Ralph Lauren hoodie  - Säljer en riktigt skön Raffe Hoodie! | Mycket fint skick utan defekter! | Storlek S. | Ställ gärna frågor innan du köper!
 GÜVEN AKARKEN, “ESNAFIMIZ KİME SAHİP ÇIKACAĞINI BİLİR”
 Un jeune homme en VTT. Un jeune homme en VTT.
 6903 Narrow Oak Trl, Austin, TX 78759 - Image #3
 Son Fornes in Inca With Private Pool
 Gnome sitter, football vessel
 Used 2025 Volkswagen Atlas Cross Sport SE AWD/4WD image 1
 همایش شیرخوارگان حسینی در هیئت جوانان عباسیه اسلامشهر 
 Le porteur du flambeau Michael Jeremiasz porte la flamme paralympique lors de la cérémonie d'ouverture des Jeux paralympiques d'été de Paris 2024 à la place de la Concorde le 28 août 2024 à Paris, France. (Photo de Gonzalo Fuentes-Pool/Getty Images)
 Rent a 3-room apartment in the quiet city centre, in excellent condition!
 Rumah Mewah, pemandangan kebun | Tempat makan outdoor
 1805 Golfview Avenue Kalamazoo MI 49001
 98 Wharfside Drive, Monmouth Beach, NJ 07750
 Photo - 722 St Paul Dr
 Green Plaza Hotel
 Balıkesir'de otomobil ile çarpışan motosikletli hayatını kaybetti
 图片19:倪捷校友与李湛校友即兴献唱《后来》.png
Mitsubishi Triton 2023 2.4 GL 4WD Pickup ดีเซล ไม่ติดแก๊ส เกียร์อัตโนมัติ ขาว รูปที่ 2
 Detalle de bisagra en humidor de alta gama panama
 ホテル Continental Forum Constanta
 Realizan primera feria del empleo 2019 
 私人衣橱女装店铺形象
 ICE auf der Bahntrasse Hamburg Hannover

- Your task -
Start with the line above that contains "Le porteur du" and end with the line that contains "Photo - 722 St Paul Dr". Write out those lines exactly, and only those.

- Solution to this problem -
 Le porteur du flambeau Michael Jeremiasz porte la flamme paralympique lors de la cérémonie d'ouverture des Jeux paralympiques d'été de Paris 2024 à la place de la Concorde le 28 août 2024 à Paris, France. (Photo de Gonzalo Fuentes-Pool/Getty Images)
 Rent a 3-room apartment in the quiet city centre, in excellent condition!
 Rumah Mewah, pemandangan kebun | Tempat makan outdoor
 1805 Golfview Avenue Kalamazoo MI 49001
 98 Wharfside Drive, Monmouth Beach, NJ 07750
 Photo - 722 St Paul Dr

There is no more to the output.